Без запинки он смог отстучать код с шестого или седьмого раза. Мы молча сидели на полу, глядя на его упражнения. И я по привычке прощупывал остальных рейдеров. В общем-то, все чувствовали одно и то же: усталость, тревогу. И еще примешивалось немного презрения. Совсем немного, но достаточно, чтобы я почувствовал себя неуютно. И осторожно пододвинулся поближе к Нору, смотрящему в одну точку.
— Пошел, — наконец сказал Бен. — Якоб, у тебя излучатель — подстрахуй.
Он осторожно отодвинул бронелит, бесшумно спрыгнул вниз. Мы с Якобом тоже спустились — я оглянулся на вторую диафрагму, ведущую к плантациям. Как Айван и предполагал, она оказалась открыта.
Тамбур был полон света, но на Корабле нет прямых коридоров, так что охранник в кордегардии не мог нас видеть. Бен сунул руки в карманы и спокойно двинулся вперед. Самым важным было пройти внутрь — охрана всегда сидела за непробиваемыми стеклами, от которых отражалось любое излучение. Пройти, оглушить охранника, обесточить тамбур. Тогда вторая диафрагма тоже закроется, а первую мы откроем вручную.
Я почувствовал удивление охранника, услышал невозмутимый голос Бена:
— Командир велел взять у тебя еще два эхографа. Для внутреннего патруля.
Это нам тоже объяснил Нор — о запасных звукоуловителях. И о том, что внутренний патруль обычно оставляет их в кордегардии.
Охранник что-то озабоченно забормотал, а затем я перестал его чувствовать и услышал тихий звук падения тела.
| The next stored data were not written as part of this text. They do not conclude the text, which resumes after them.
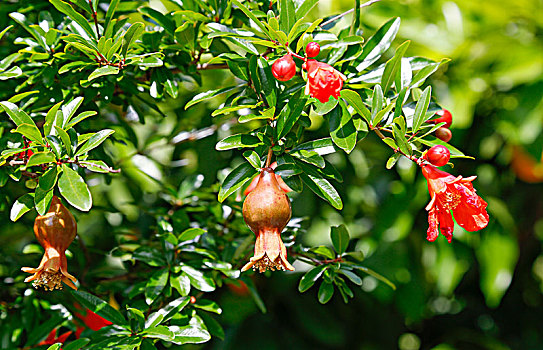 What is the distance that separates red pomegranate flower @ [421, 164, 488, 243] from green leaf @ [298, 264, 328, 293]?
0.15 meters

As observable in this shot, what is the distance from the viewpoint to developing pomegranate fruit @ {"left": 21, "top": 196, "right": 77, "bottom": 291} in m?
0.54

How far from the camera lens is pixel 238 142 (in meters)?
0.53

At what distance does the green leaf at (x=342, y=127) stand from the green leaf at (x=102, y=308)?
0.97ft

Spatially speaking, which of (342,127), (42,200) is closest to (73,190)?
(42,200)

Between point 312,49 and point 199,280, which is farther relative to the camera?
point 199,280

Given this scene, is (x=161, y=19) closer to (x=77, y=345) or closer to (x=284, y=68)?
(x=284, y=68)

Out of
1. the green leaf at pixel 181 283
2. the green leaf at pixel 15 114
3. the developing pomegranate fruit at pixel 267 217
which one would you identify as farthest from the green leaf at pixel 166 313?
the green leaf at pixel 15 114

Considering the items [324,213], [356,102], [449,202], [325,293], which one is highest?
[356,102]

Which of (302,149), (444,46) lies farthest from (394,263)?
(302,149)

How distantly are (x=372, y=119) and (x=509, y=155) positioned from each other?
1029 mm

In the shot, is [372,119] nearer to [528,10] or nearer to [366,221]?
[366,221]

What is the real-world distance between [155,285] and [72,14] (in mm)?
297

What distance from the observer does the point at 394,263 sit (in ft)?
4.29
А еще через несколько секунд диафрагма за нашими спинами медленно скрутилась, закрывая выход и отрезая нас от плантаций. Свет в тамбуре тоже погас.
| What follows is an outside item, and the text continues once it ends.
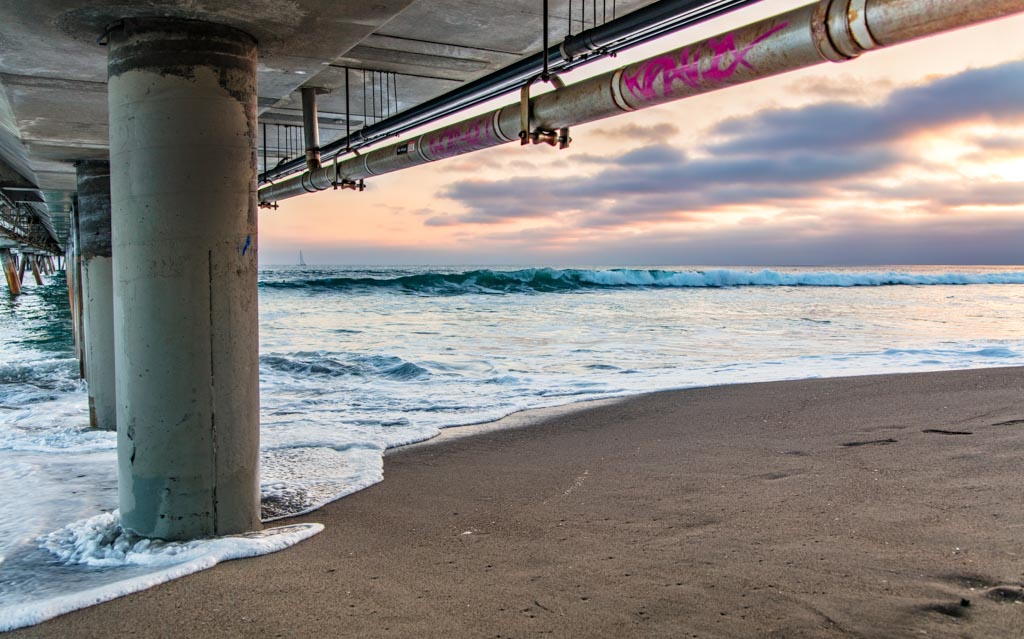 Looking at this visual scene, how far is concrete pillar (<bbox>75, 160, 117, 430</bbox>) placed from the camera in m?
9.96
Дальше все происходило очень быстро. В тепловых очках мы видели достаточно, чтобы поймать сброшенные сверху мешки с клетчаткой, а потом помочь спуститься остальным. Последним слез Нор. Я поймал сначала его мешок, потом его самого, помог удержаться на ногах и подтолкнул вперед, по направлению к кордегардии.
— Показывай, где там вручную открывается.
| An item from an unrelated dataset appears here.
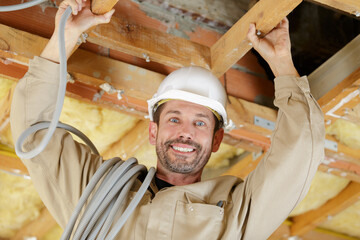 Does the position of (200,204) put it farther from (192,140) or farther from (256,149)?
(256,149)

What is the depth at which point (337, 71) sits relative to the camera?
92.0 inches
Рейдеры старательно не смотрели в его сторону и, по-моему, Нор это почувствовал. Потому что увидеть в темноте затылки вместо лиц было проблематично, особенно с непривычки ходить в тепловых очках. А он заметно напрягся, пока возился с замком пневматического привода.
Диафрагма открылась неожиданно легко. Просто прошипела пневматикой и распахнулась. Мы надели мешки и двинулись вперед, к лазу. Бен замешкался, промахнувшись рукой мимо лямки — и в этот момент ему в спину ударил тонкий голубоватый луч.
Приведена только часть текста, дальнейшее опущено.